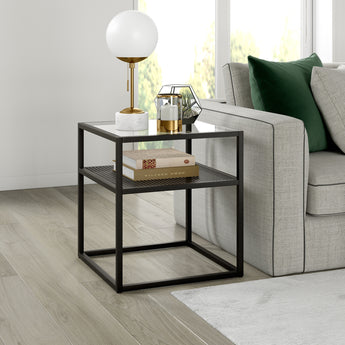 Nellie 20'' Wide Square Side Table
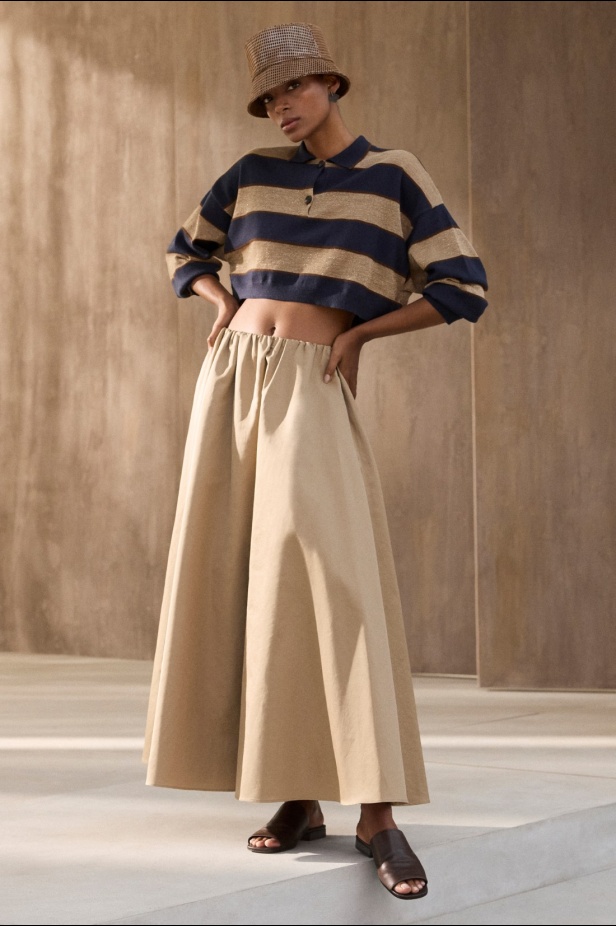 مجموعة Brunello Cucinelli لربيع وصيف 2026... استلهام الأناقة من قوى الطبيعة الأربعة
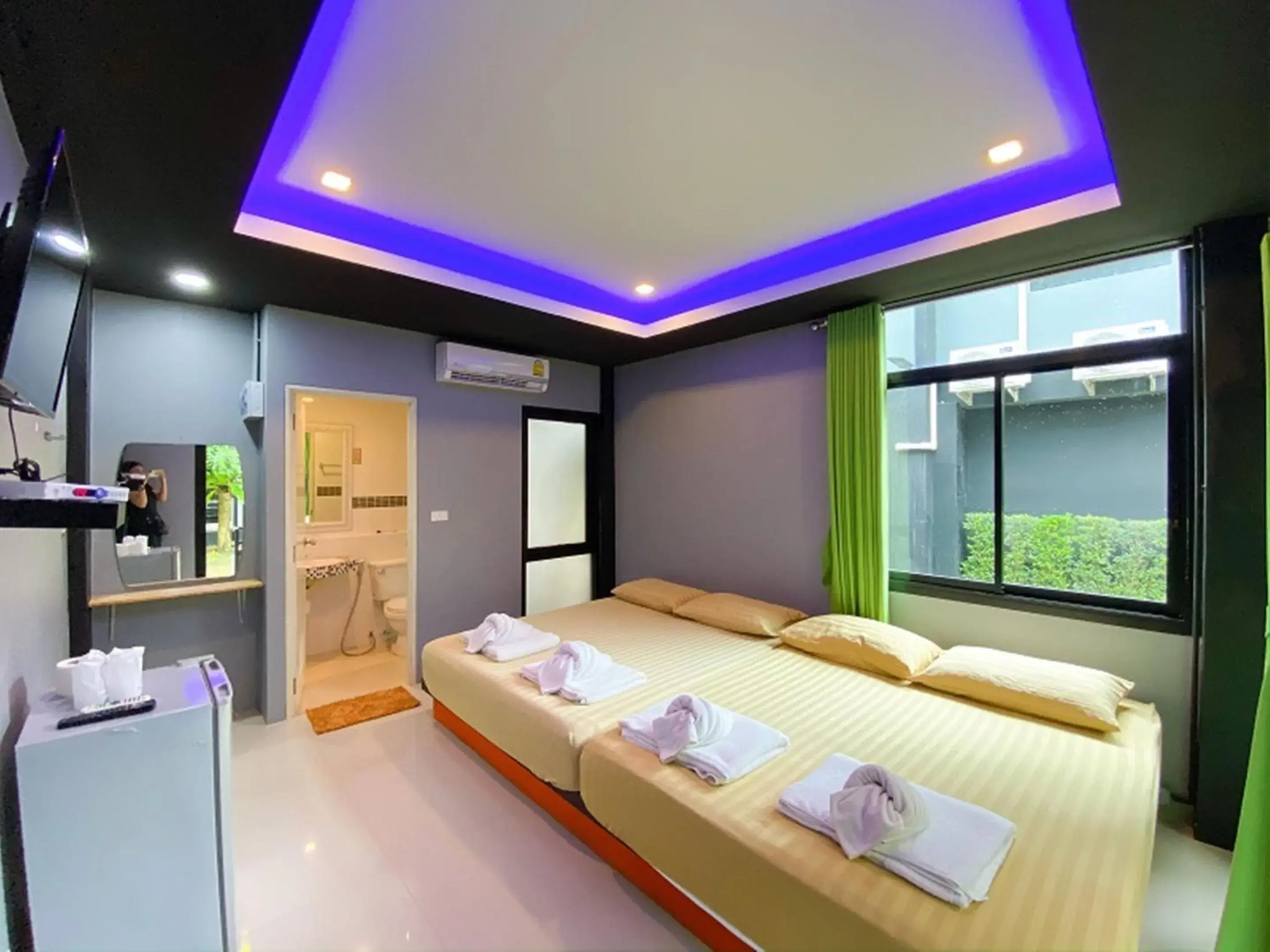 Deluxe Family Room in Natthapon Resort Kaeng Kachan Deluxe Family Room in Natthapon Resort Kaeng Kachan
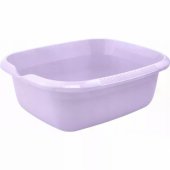 Bowl rectangular 9L Björk 38x32x14cm soft purple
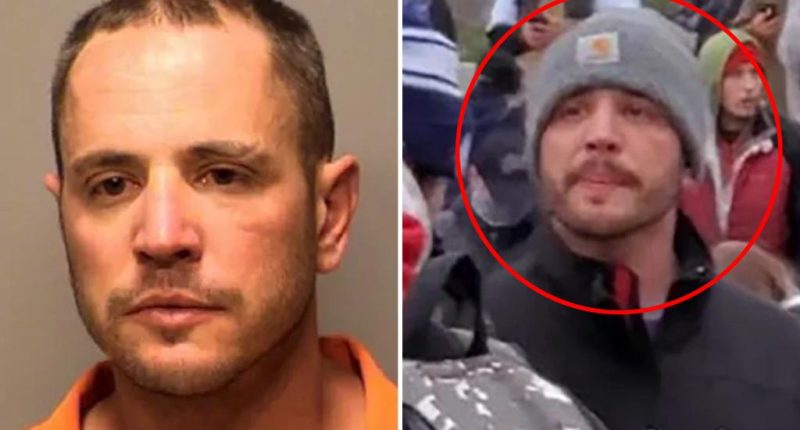 Matthew Huttle who clinched pardon from Trump shot dead by deputy in Indiana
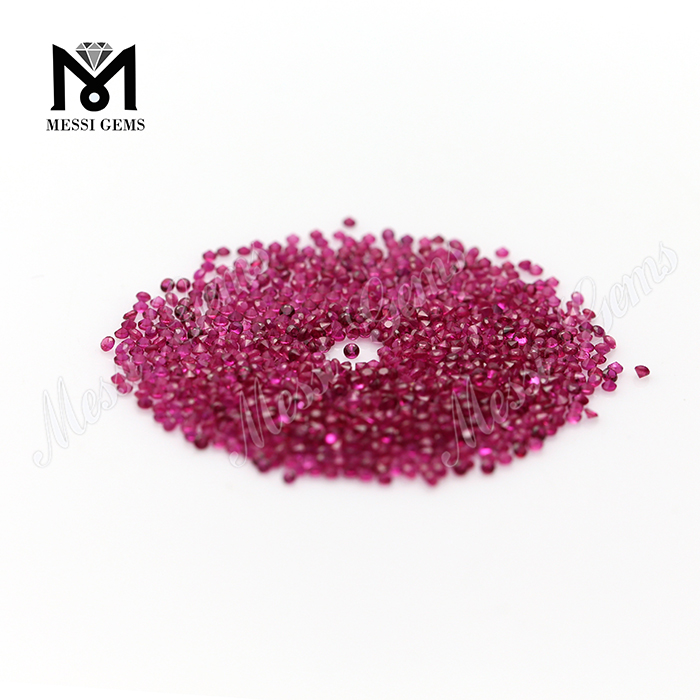 Piedra preciosa suelta Tamaño pequeño 1,5 mm 2 mm Piedras preciosas naturales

### Work request
Give the data again exactly, without pictures.

### Written reply
 Nellie 20'' Wide Square Side Table
 مجموعة Brunello Cucinelli لربيع وصيف 2026... استلهام الأناقة من قوى الطبيعة الأربعة
 Deluxe Family Room in Natthapon Resort Kaeng Kachan Deluxe Family Room in Natthapon Resort Kaeng Kachan
 Bowl rectangular 9L Björk 38x32x14cm soft purple
 Matthew Huttle who clinched pardon from Trump shot dead by deputy in Indiana
 Piedra preciosa suelta Tamaño pequeño 1,5 mm 2 mm Piedras preciosas naturales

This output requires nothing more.